Driving Down the Darkness by nutkin

Slash.

Oh, man. This story was perfect. It had no flaws. It was 40,000 words of pure goodness. I think what I liked best was the slow pacing and the atmosphere of normalcy in which the relationship built up. There was no slap dashed-ness to this. The story covers the first season by the end of which Sam and Dean are together, replete with all the “this is wrong, this is so wrong” angst that makes it so real for me and that I love so well.

At first I wondered how an author could actually pull it off, following through every ep and making coda scenes out of it, but it worked. In a few places the writer actually writes out the actual scene and gives us the interior thoughts, including the all important scene from Provenance, when Sam says “It’s not just Jess.” Always wondered what he meant by that, now I know.

 The writing is solid and good and descriptive in the right places. A pleasure to read all the way through. This woman knows her craft. Here’s a quote:

“The truth is, there had been times at school when he really wished they weren’t out here waiting for him. He wished the stories he told were true – a childhood spent traveling because of work, a drunk father, a brother who didn’t care. He wished he could sweep the truth under the rug and believe the lies. It would have made his life so much easier, and there were ugly times when he wished they’d just disappear, leave him to the life he had created.

In all his vague acceptance that death might come for him, he never stopped to think about what he might leave behind.

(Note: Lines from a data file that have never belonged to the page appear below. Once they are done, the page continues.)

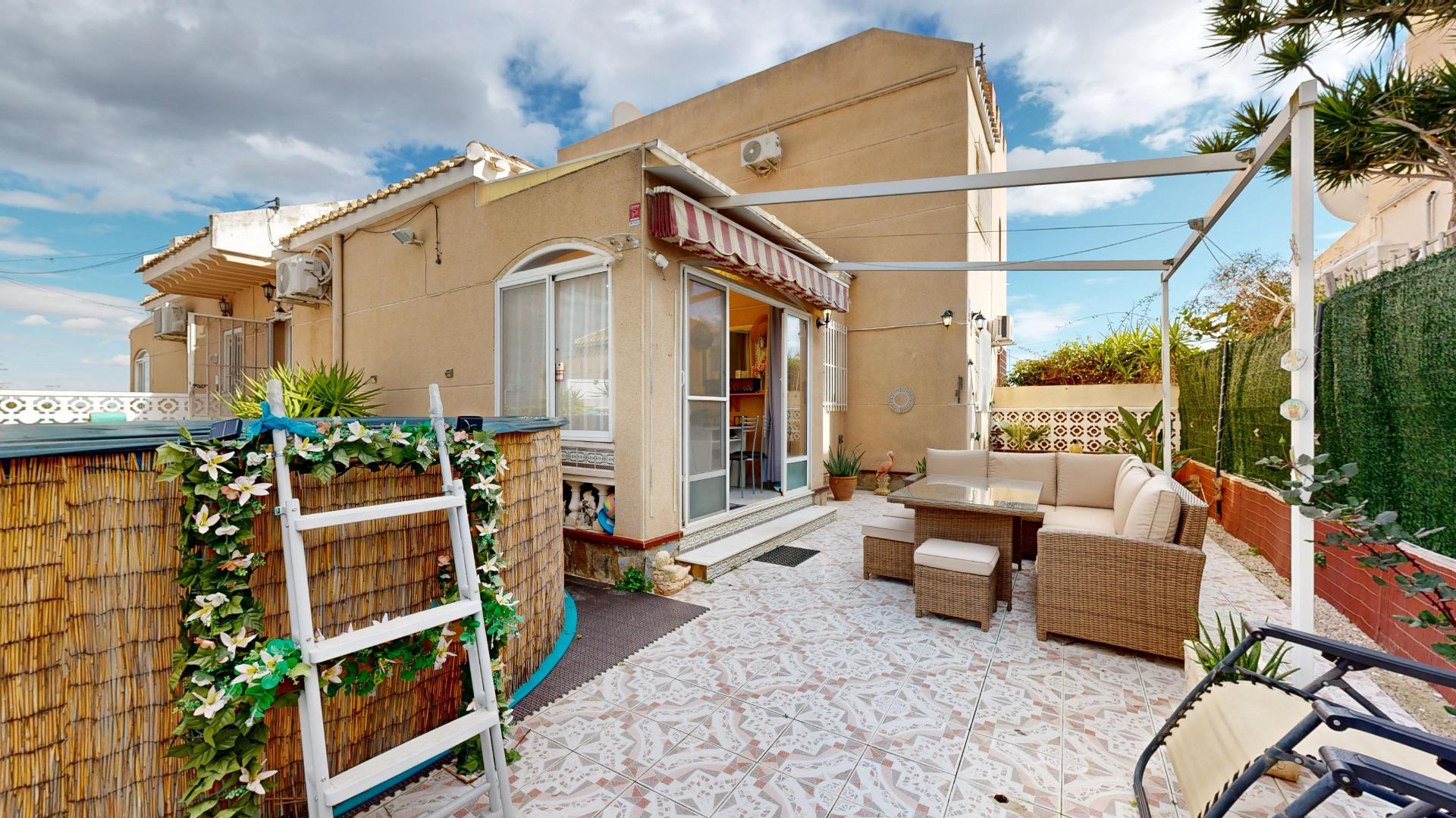 For sale - 3 Bedroom 2 Bathroom Semi Detached in San Miguel de Salinas - 03193  - Alicante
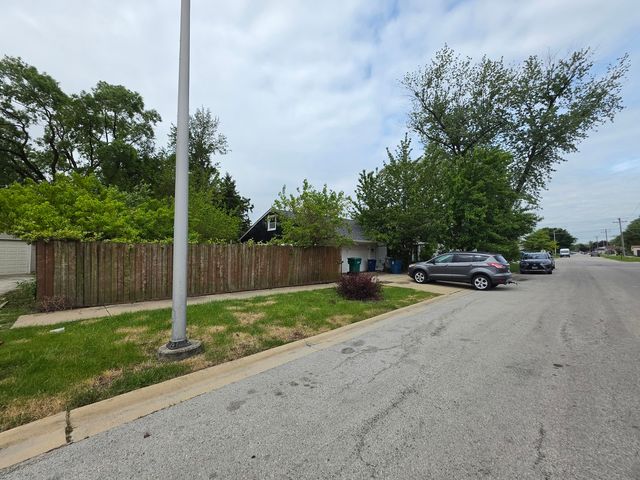 7601 Laramie Avenue, Burbank, IL 60459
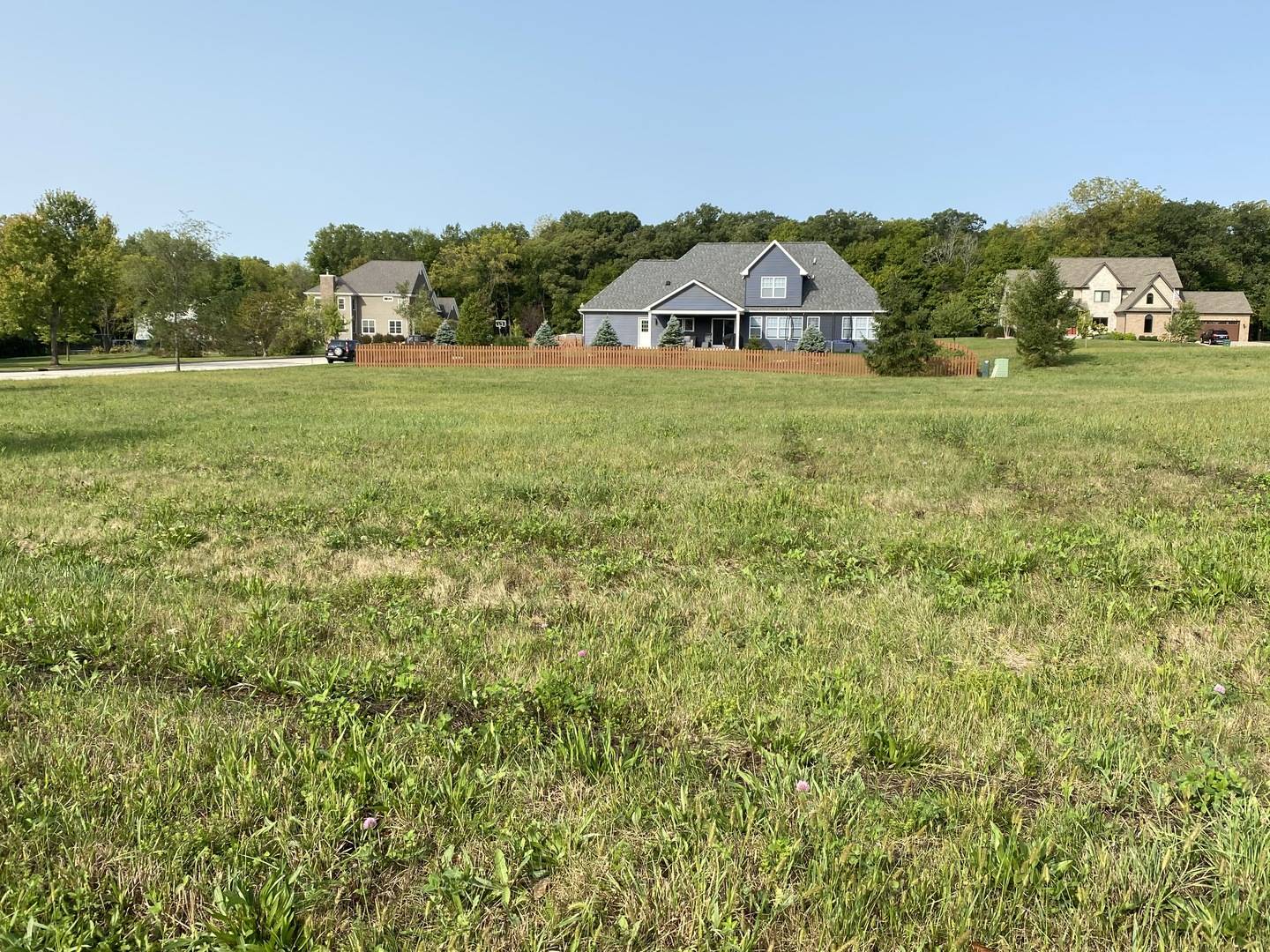1311 Secretariat DR, Genoa, IL 60135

He’s got another good twenty to thirty years before his midlife crisis comes knocking, so it’s never been much of an issue. Yeah, he lives his own life. Yeah, he fucks around. You have to find your pleasure where you get it when you live by the sword.

But when he saw death coming, when time seemed to splinter and dance blue sparks across the water, what flashed in front of him wasn’t his whole life. It wasn’t the good and the bad, the people he’s saved and the battles he’s won, his sins and lies and wrong-doings.

It was just Sam.

Like looking at photographs, he could remember the two of them chasing each other through roadside fields, playing cowboys and Indians and shooting cans on fences. Wading in muddy rivers and hopping between weeds in sidewalk cracks so their feet didn’t burn. Corner store Slurpees, lips stained blue with syrup. All the punched shoulders, all the noogies, all the late-night whispered conversations alone in the car and motel beds. Eighteen summers, eighteen springs, splashing in puddles and having each other’s backs.

That’s what his mind found to remember; that’s what his life was all about.”